I'm trying automate the process of running hundreds of different regression analyses within the same table, based on different fields. I'm using the lm
function.
My data has a number of different elections results at the county level. I would like to compare the support for every candidate vs the percentage of voters over the age of 65 years old to see if there's a relationship between the two variables. For example "Is there a relationship between the number of older voters in a county and their support for candidate x?" I have hundreds or different elections - each with multiple candidates - and hundreds of counties for each election.
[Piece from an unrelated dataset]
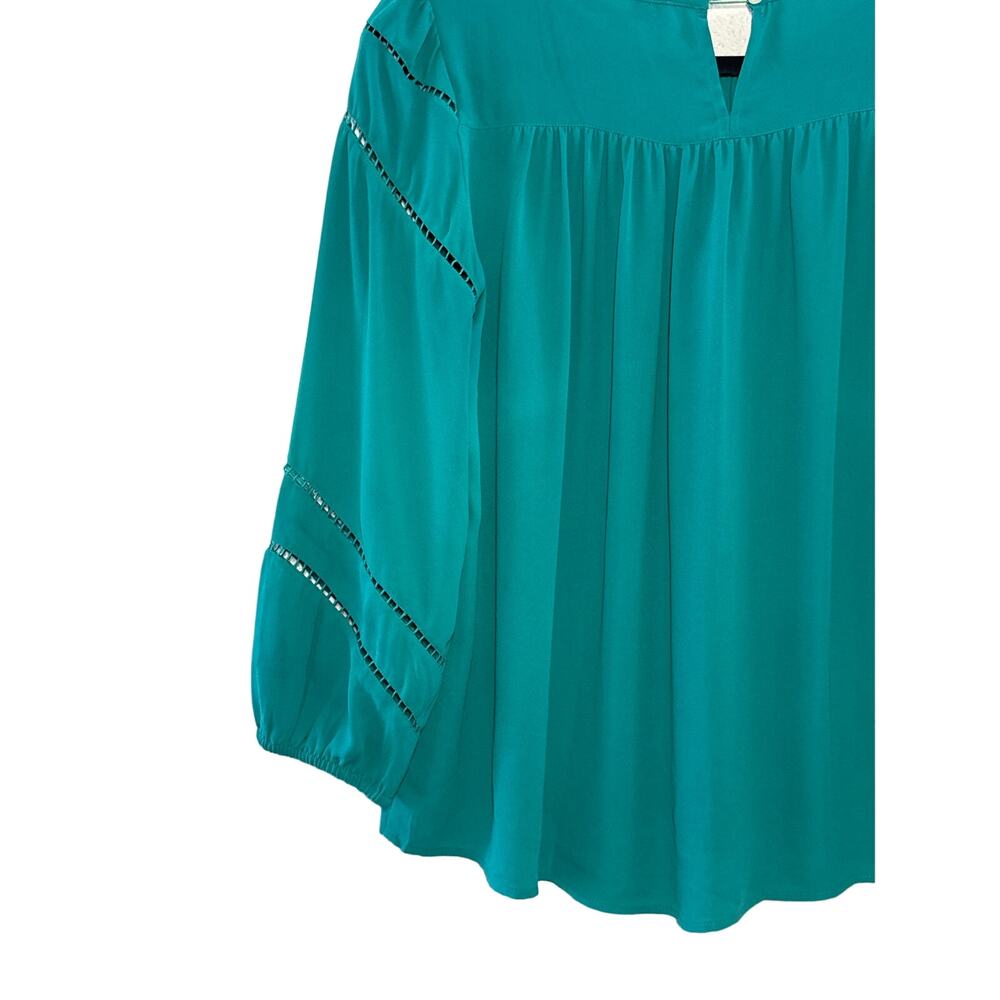 Ann Taylor Loft Turquoise 3/4 sleeve Blouse Womens size small - Picture 5 of 5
I would like to run regression analysis for each candidate, in every race, for every county; and export a table that gives the slope and intercept for each analysis.
My input table is
contest county candidate percent_over_65 percent_support
1 1 1 .65 .44
1 1 2 .65 .34
1 1 3 .65 .22
1 2 1 .70 .60
1 2 2 .70 .30
1 2 3 .70 .10
2 1 4 .65 .70
2 1 5 .65 .30
2 2 4 .70 .60
2 2 5 .70 .40
My ideal output would be something like:
contest county candidate slope_value intercept_value
1 1 1 .05 .65
1 1 2 -.01 .23
1 1 3 .02 .17
1 2 1 .25 .36
1 2 2 .15 .45
1 2 3 -.02 .12
2 1 4 .75 .33
2 1 5 -.10 .18
This question and the answer by Hadley towards the bottom with 57 upvotes was very helpful; he used the plyr function that "deconstructed" the process once; But now, I essentially want to nest another plyr function within the original function (if that makes sense). It seems like I could add a couple of for-loops to the mix to get the desired result, but I haven't been able to figure it out. Any help would be much appreciated. Thanks!